Draußen zu Hause?
Irgendwo draußen übernachten. Möglichst unter freiem Himmel. Nur das Nötigste dabei haben. Bis gestern hatte ich sowas noch nie ausprobiert.
Über das Mikroabenteuer "Allein unter'm Sternenhimmel".
Abenteuer für Jedermann
Der Begriff "Mikroabenteuer" begegnete mir zum ersten Mal in "Ausgebüxt" von Jana und Patrick Heck. Etabliert hat ihn der britische Autor Alastair Humphreys:
"Meine Definition eines Mikroabenteuers ist genau, was der Name suggeriert. Es handelt sich um ein richtiges Abenteuer, eben nur nicht ein großangelegtes. Ein lokales, kostengünstiges, simples, kurzes Abenteuer."

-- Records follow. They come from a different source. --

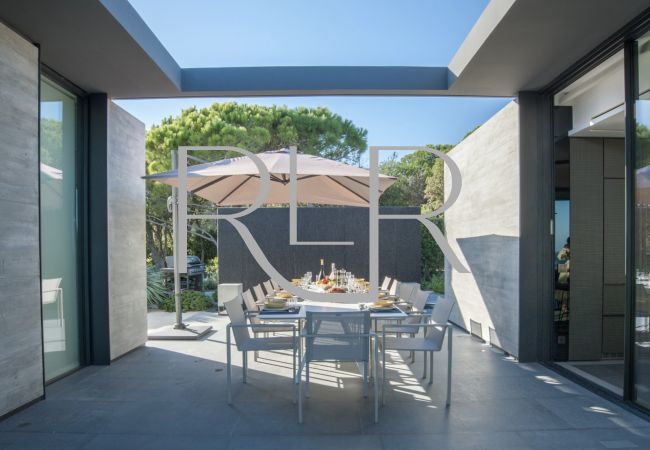 Villa in Saint-Tropez - Villa Joyce Villa in Saint-Tropez - Villa Joyce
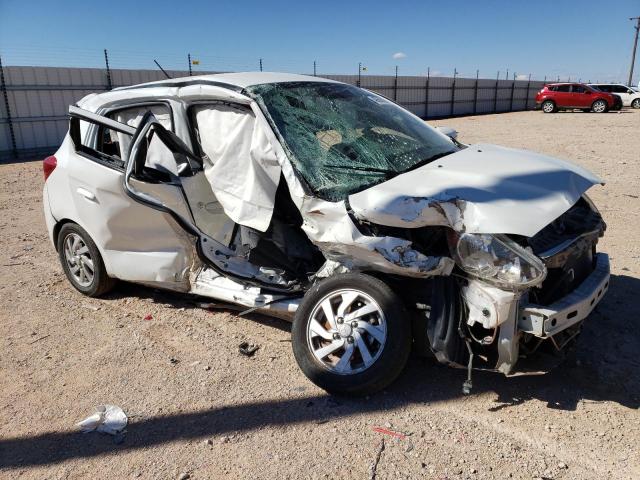 Photo 4 from auction – 2017 MITSUBISHI MIRAGE SE with VIN ML32A4HJ6HH011966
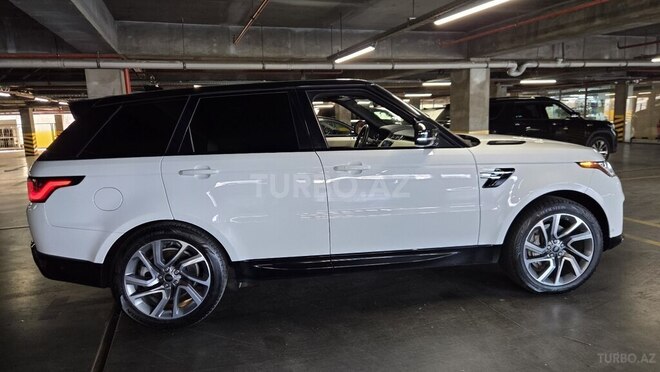 Land Rover RR Sport-7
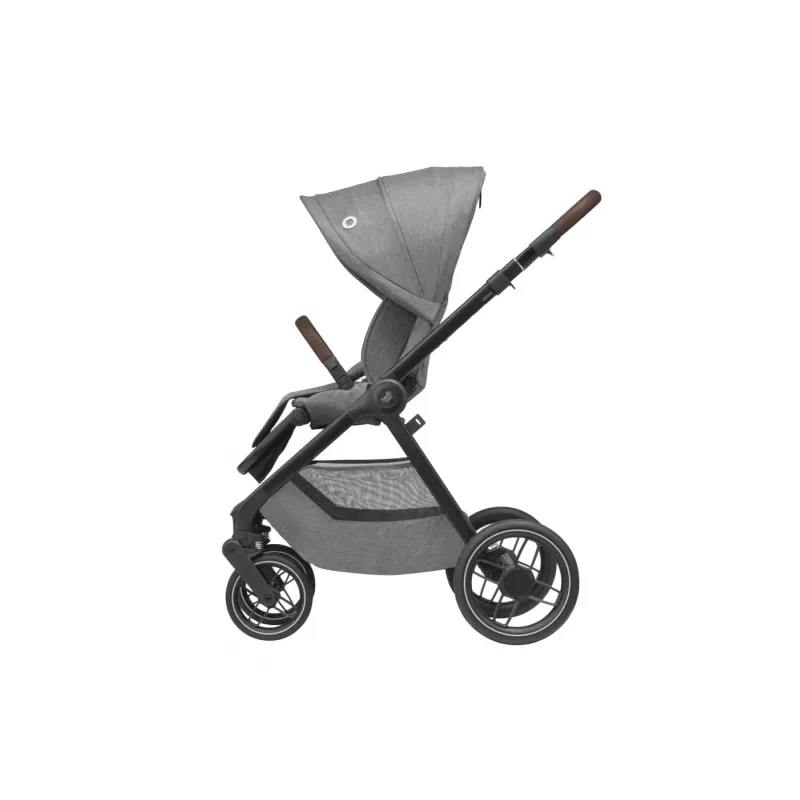 Maxi Cosi Oxford kočárek + korbička Oria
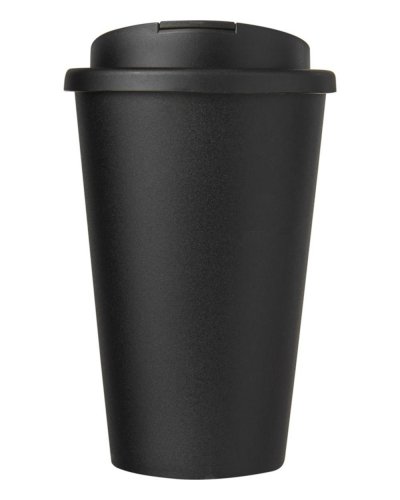 Tazza termica Americano Recycled da 350 ml con coperchio ermetico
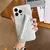 Capa Rhode Fashion para iPhone 11 ao 16 Pro Max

(Alastair Humphreys in der GEO)
Als Wegbereiter der Mikroabenteuer-Idee in Deutschland gilt der Hamburger Journalist und Abenteurer Christo Foerster. Sein "Mikroabenteuer: Das Praxisbuch." habe ich - ebenso wie das eingangs genannte "Ausgebüxt" - verschlungen. "Raus und machen", darum geht es!
Das will ich auch!
Und so wurde ich angefixt. Dank der vielen Tipps aus o.g. Lektüre und ein bisschen Internetrecherche fiel die Wahl für mein erstes Mikroabenteuer auf eine Übernachtung im Trekkingpark Sauerland. Dort gibt es an den Wanderwegen Diemelsteig und Uplandsteig insgesamt neun online buchbare Übernachtungsplätze. Genauer gesagt, Holzplattformen mit Platz für maximal zwei Zweierzelte, daneben eine Komposttoilette und (zumindest in meinem Fall) eine Schutzhütte.

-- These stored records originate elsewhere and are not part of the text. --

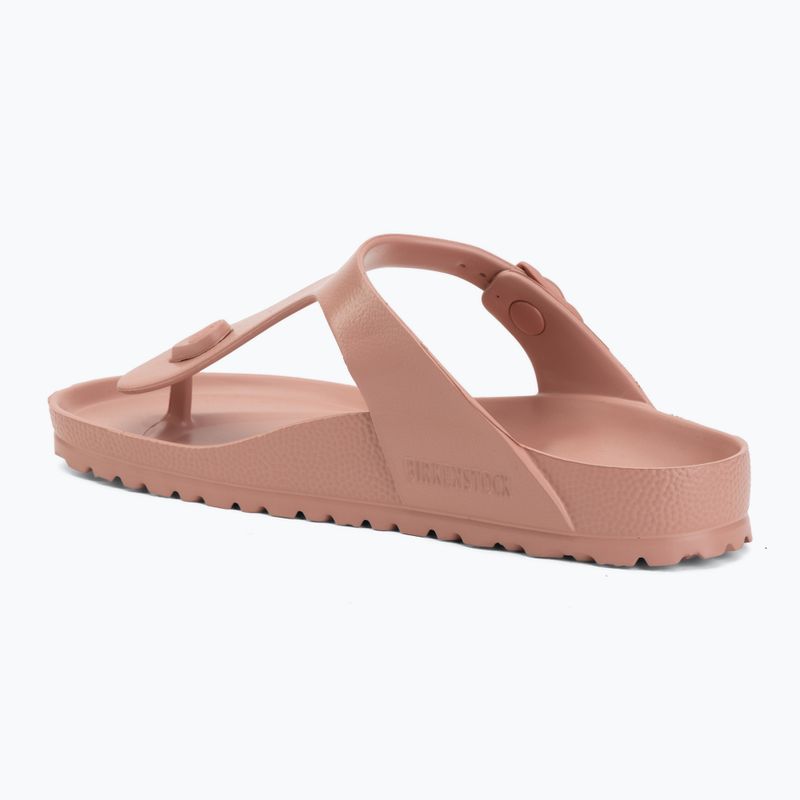 Šlepetės BIRKENSTOCK Gizeh EVA Regular pink clay 3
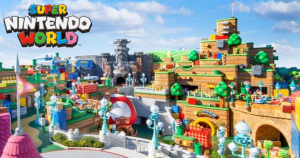 Read more about the article Super Nintendo World Theme Park Opening Next Week (Video & Photos)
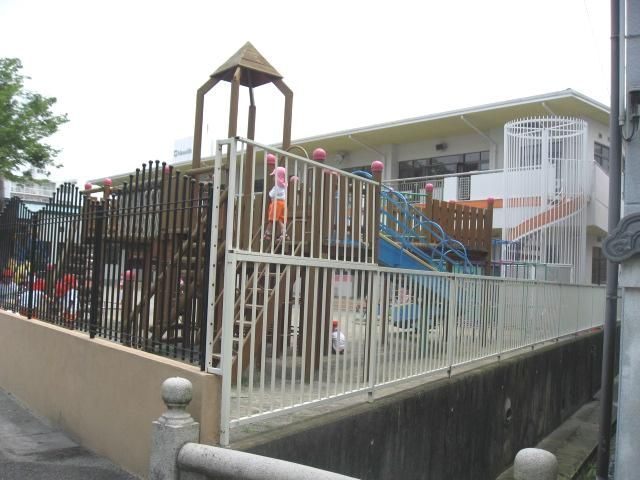 幼稚園・保育園　大垣幼稚園（幼稚園・保育園）まで264m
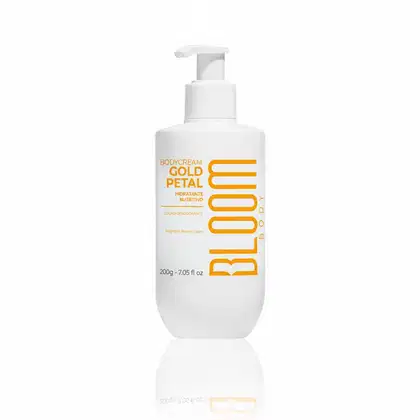 Imagem do produto GOLD PETAL  BODY CREAM BLOOM – HIDRATANTE FEMININO 200G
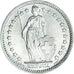 Monnaie, Suisse, 2 Francs, 1963, Bern, FDC, Argent, KM:21
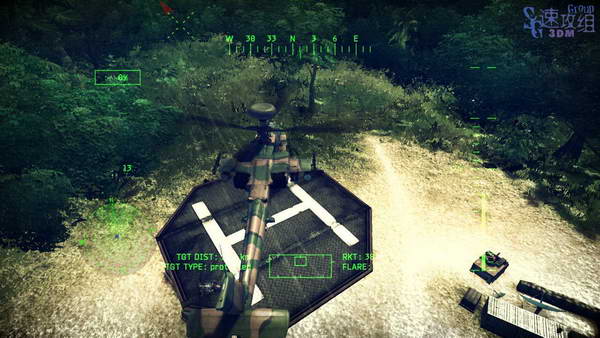 《阿帕奇：空中突击》图文视频攻略|Apache: Air Assault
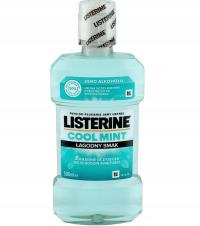 Жидкость для полоскания рта Listerine Cool Mint 500 мл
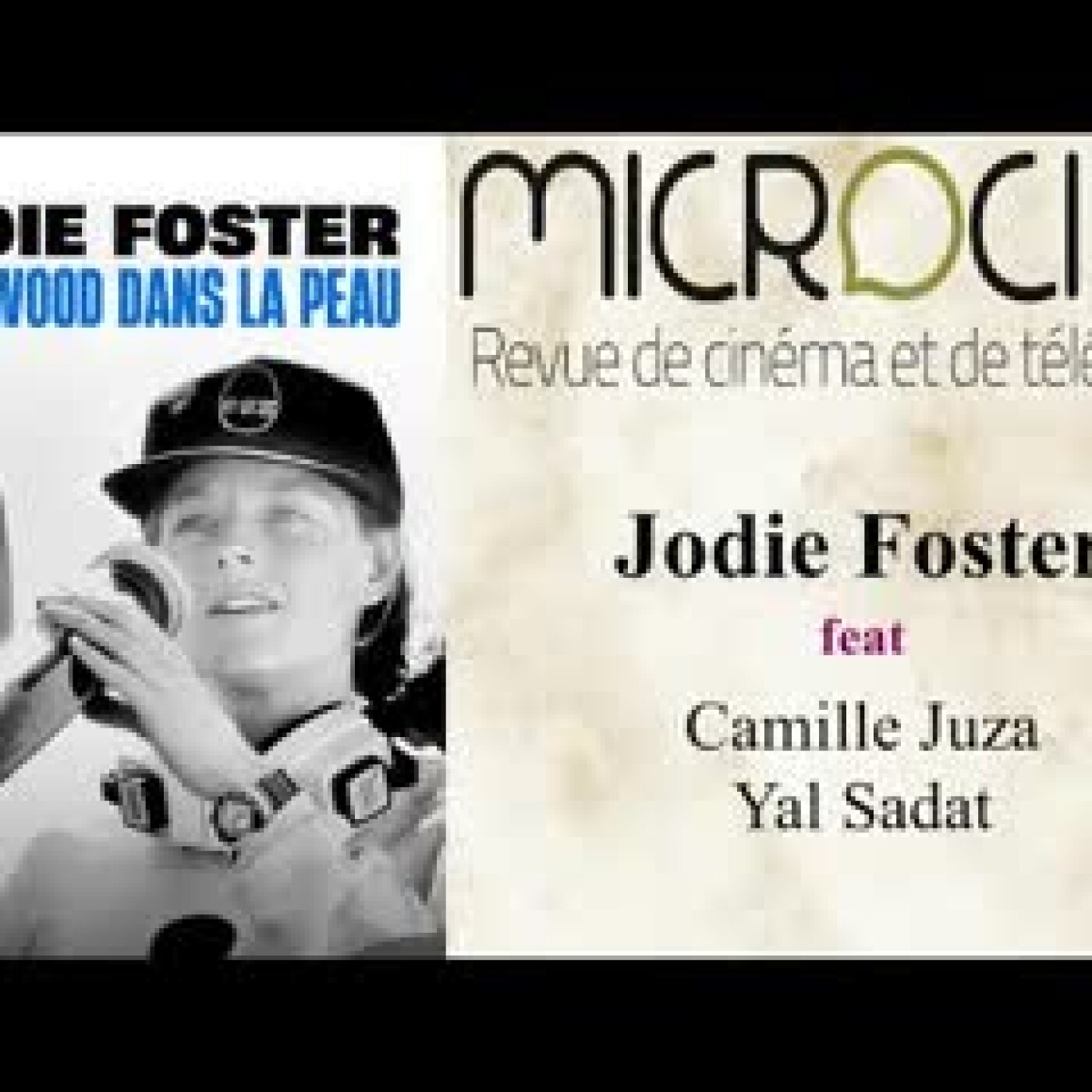 Jodie Foster feat. Camille Juza & Yal Sadat episode artwork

Was man so braucht - oder auch nicht...
Wenn man sich über Trekking und Biwakieren informiert, wird schnell klar: Man könnte ohne Ende Geld in Ausrüstung stecken! Und ich finde tatsächlich sehr verlockend, was es da alles so gibt... Letztlich habe ich für dieses Mikroabenteuer aber nur einen neuen Schlafsack (wesentlich leichter als mein altes, gut 30 Jahre altes Modell), ein bisschen Koch-Equipment und ein Notfallzelt (für 17 € keine Riesen-Investition) gekauft.
Apropos Zelt: Wenn irgend möglich, wollte ich unter freiem Himmel übernachten. Von wegen Sternenhimmel und so. (Davon abgesehen: Ich besitze gar kein Zelt, und viel Geld ausgeben wollte ich ja nicht.) Ein kleines Ass im Ärmel für eventuell widrige Wetterumstände wollte ich dann aber doch haben. So kam es zum Kauf des Notfallzeltes. Im Grunde nicht mehr als eine wasserdichte Plane mit Seilen und Heringen, die man als Tarp, Tunnelzelt oder sonst irgendwie als Schutzvorrichtung aufbauen kann.

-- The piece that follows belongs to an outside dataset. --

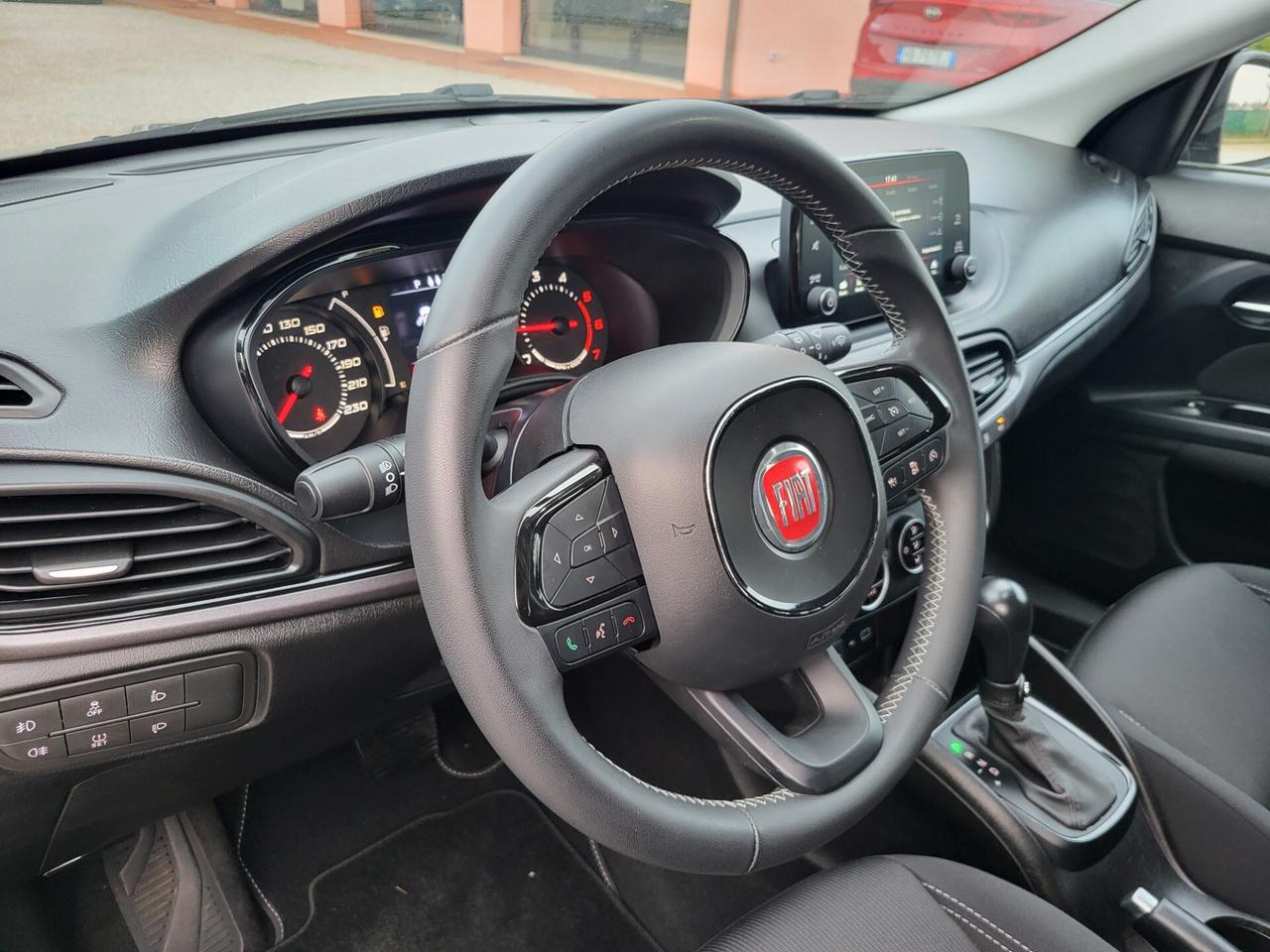 Fiat Tipo 1.6 Mjt S&S SW Lounge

Dass ich für die eine Übernachtung keine großen Outdoormenüs kochen würde, war klar. Die Möglichkeit, Wasser für eine Tütensuppe am Abend und den Kaffee am Morgen zu kochen, wollte ich aber schon haben. Ein kleiner Esbitkocher sowie ein Edelstahlbecher, der auch als Topf dienen kann, sollten diesen Zweck erfüllen.
Bei dm entdeckte ich zufällig noch Zahnputztabletten, die quasi fast ohne Wasser funktionieren. Eigentlich eher ein Gag, aber wer weiß, ob mir sowas langfristig nicht nützlich sein kann. Und so frisch geputzte Beißerchen sind ja durchaus was Feines. ;-)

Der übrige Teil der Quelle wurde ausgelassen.